A two-phased Heinrich Stadial 11 as revealed by alkenone-based temperature record from the western tropical North Atlantic 

Abstract

Paleo-data and models show that reductions in the strength of the Atlantic meridional overturning circulation (AMOC) lead to significant subsurface warming in the western tropical North Atlantic. The thermal response at the sea surface is less constrained due to the competing nature of the atmospheric and oceanic processes that produce opposite signs of temperature change. Here, we used alkenone unsaturation in sediments to reconstruct sea surface temperature (SST) evolution in the southeastern Caribbean (core MD99-2198, 1330 m water depth) during the last glacial-interglacial cycle, including Heinrich Stadial 11, which was a period of intense AMOC weakening.
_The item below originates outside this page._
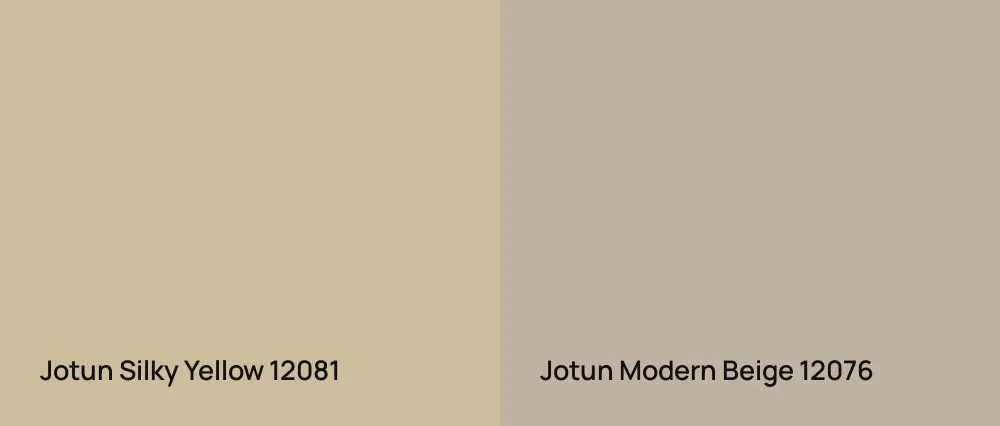 Jotun Silky Yellow 12081 vs Jotun Modern Beige 12076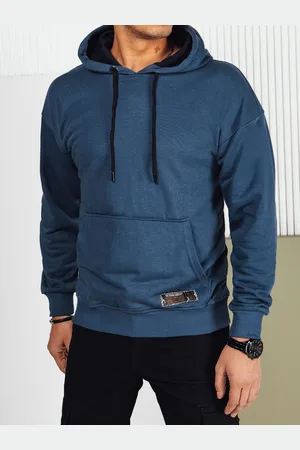 D-Street Bluza męska z kapturem niebieska BX5695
Our data show a 1 °C SST warming associated with the onset of Heinrich Stadial 11, and a 1 °C cooling during the late Heinrich, followed by a gradual 1 °C warming during the early last interglacial. Although stadial events are generally associated with wind-induced surface cooling in the tropical North Atlantic, the positive Caribbean SST anomaly during Heinrich Stadial 11 is consistent with previous findings. It likely originates from the upwelling of subsurface water that warmed in response to the initial AMOC weakening. Reduction in the Caribbean SST during the late Heinrich, associated with a particularly weak AMOC strength as suggested by our benthic d13C values, can indicate that the subsurface warming has diminished in the tropical North Atlantic possibly due to a general cooling in the source region (i.e., the subtropical gyre). A two-phased Heinrich is supported by the planktic foraminifera assemblage data, indicating that cooling occurred in the late Heinrich. In addition, this late phase is characterized by coarser sediments, which can be due to a strongly reduced outflow of the Orinoco and a particularly southern position of the intertropical convergence zone. For the last interglacial, our alkenone-derived SST record suggests stable conditions. However, the obtained interglacial values are characterized by very high alkenone unsaturation indexes that can incorporate large measurement and calibration errors due to the lack of Caribbean sediment traps and core-top data. These results, therefore, emphasize the need to better quantify the effectiveness of alkenones in reconstructing interglacial SST history in the Caribbean.